Jefferson Township Trustee
- In office November 4, 1969 – November 4, 1997
- Succeeded by: Angela Jones

President of the Dayton NAACP
- In office January 1, 1985 – December 31, 2002
- Preceded by: Richard Austin
- Succeeded by: Floyd B. Johnson

Personal details
- Born: Jessie O. Gooding November 28, 1926 (age 99) Louisiana, U.S.
- Party: Democratic
- Spouse: Lavern Gooding
- Children: 1

= Jessie Gooding =

American politician

Jessie Gooding (born November 28, 1926) is an American politician and member of the Democratic Party.

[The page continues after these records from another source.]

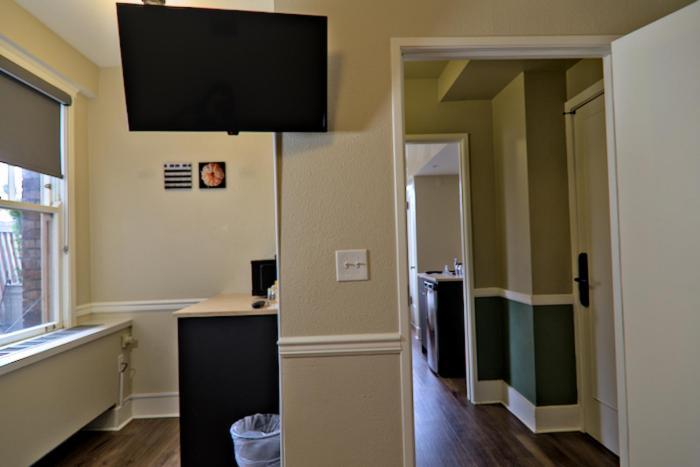 Hotel Leo photo 53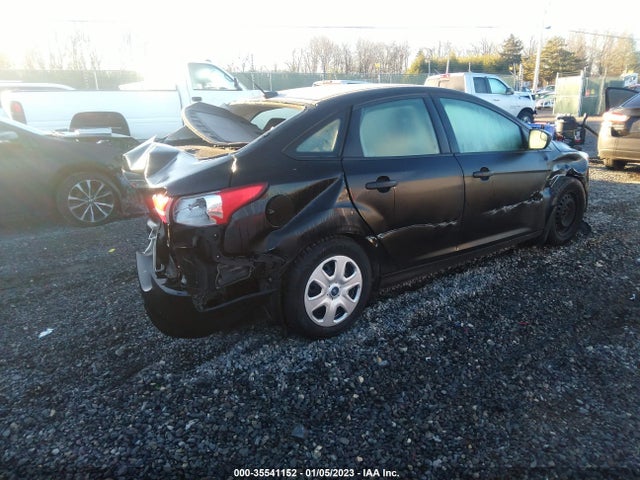 2016 FORD FOCUS S VIN: 1FADP3E24GL201939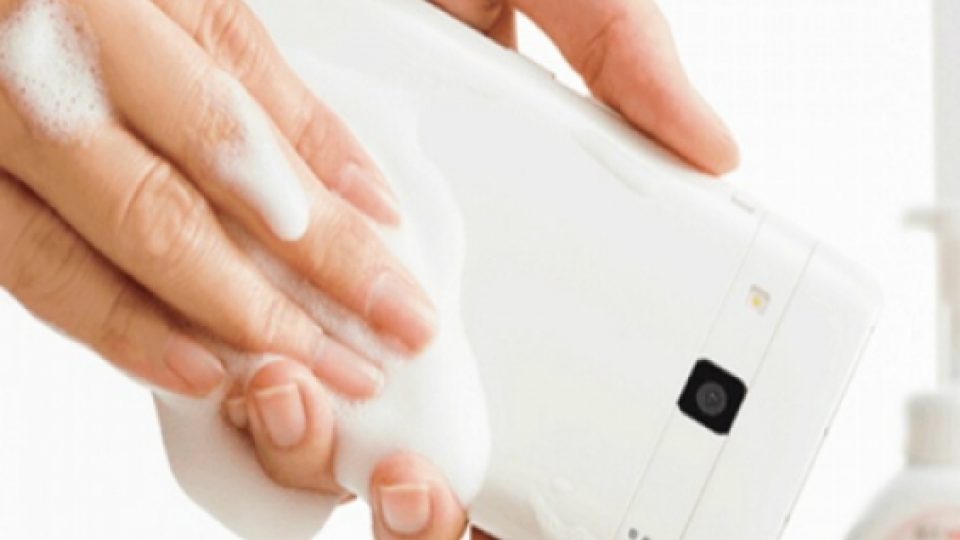 Ponsel Ini Bisa Bermandikan Sabun?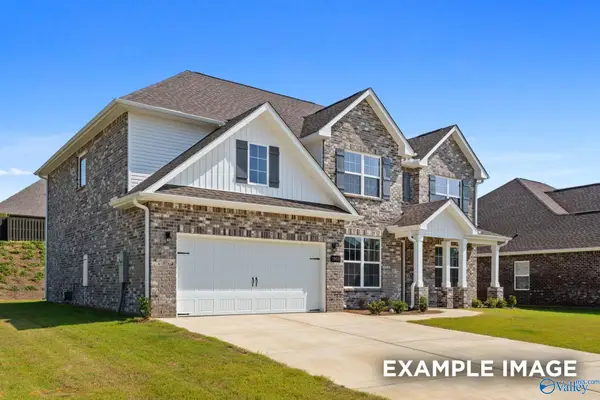 821 Ronnie Drive, Hartselle, AL 35640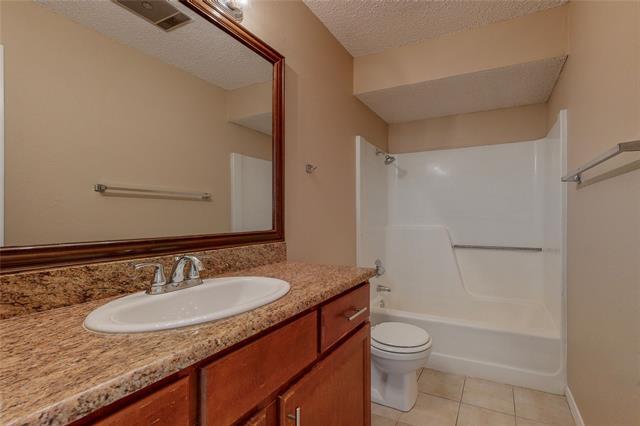 Building Photo - 1912 N Irving Heights Dr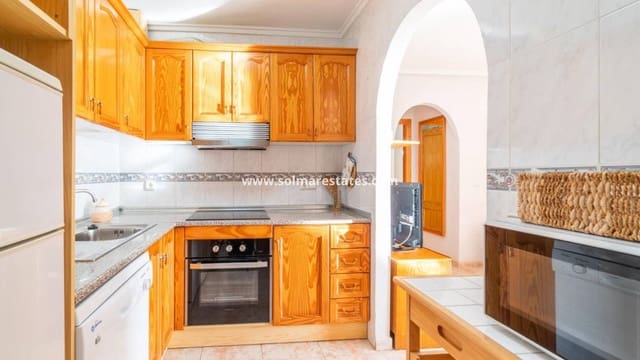 2 slaapkamer Appartement te koop in Playa Flamenca, Orihuela met zwembad - € 189.000 (Ref: 9421501)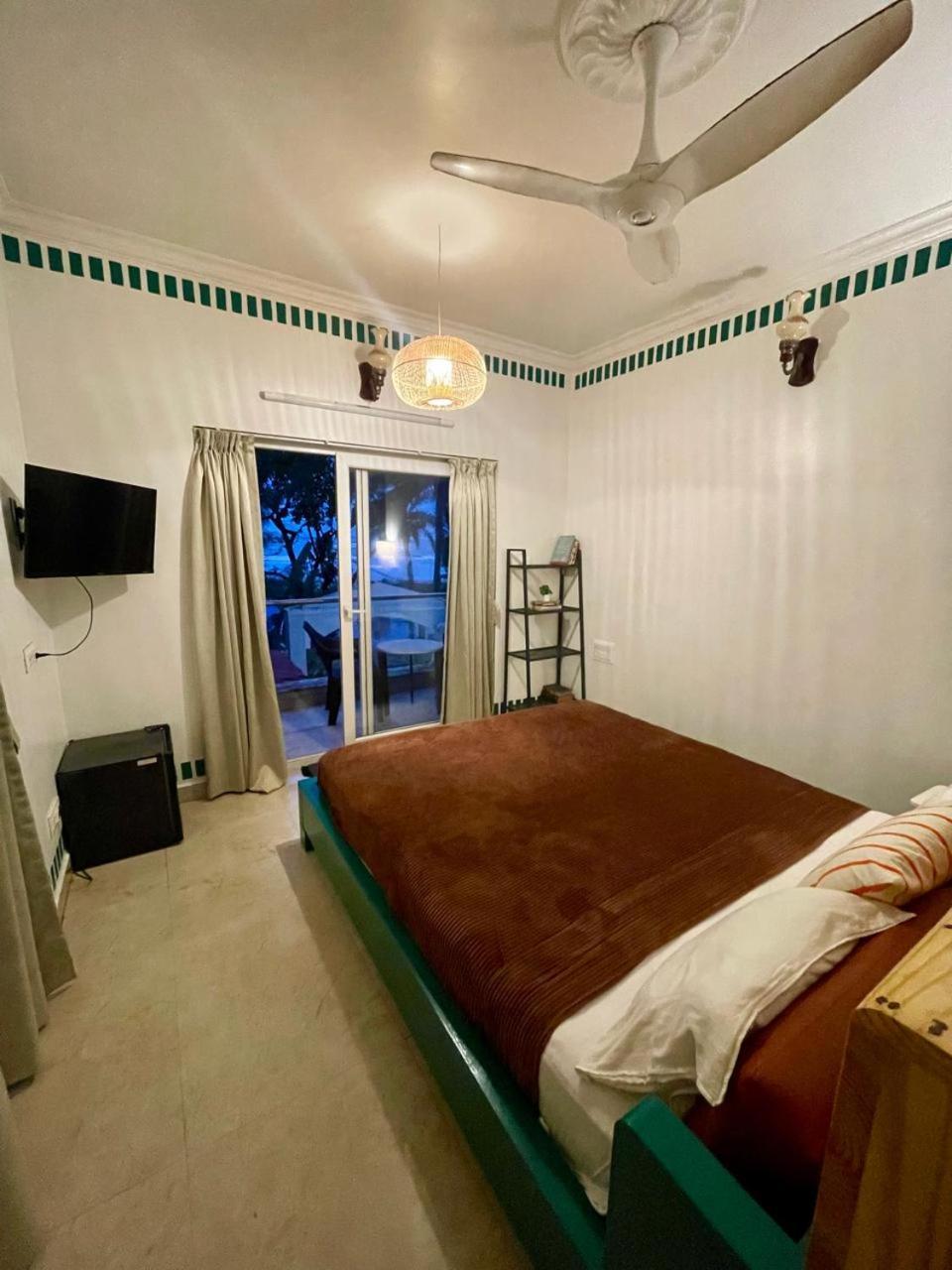 Valletta Beachside Morjim Ngoại thất bức ảnh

==Jefferson Township Trustee==
On November 4, 1969, Jessie O. Gooding was elected as a Trustee in Jefferson Township, Montgomery County, Ohio. For part of his tenure, Gooding served as the President of the Trustees. On November 4, 1997, Gooding was defeated by Angela Jones after a 28 year tenure.

== Civil rights activism ==
Gooding had worked with Dr. Martin Luther King, Jr. in the late 1969s, and was concerned that his assassination would "upend nonviolent movement."

Gooding interviewed for inclusion in the Library of Congress National Visionary Leadership Project. He participated in the National Conference Survey of Race Relations conducted by the U.S. Commission on Civil Rights.

On December 9, 1984, Gooding defeated Tony Whitmore for the Presidency of the Dayton Chapter NAACP. He succeeded Atty. Richard Austin, who led the organization for 8 years. Gooding led the organization for 18 years, retiring on December 31, 2002. He supported Floyd B. Johnson to be his successor.

==Awards and recognition==
Gooding has been recognized for his civil and human rights work. He was inducted into the Ohio Civil Rights Commission Hall of Fame in 2014 and the Dayton Region's Walk of Fame in 2019. Ohio state representative Willis Blackshear Jr. sponsored H.B. 671 to name portions of S.R. 35, "Jessie Gooding Highway". During the construction of the new Third St. bridge, the Montgomery County Engineer along with many community members, honored Gooding for his civil and human rights work.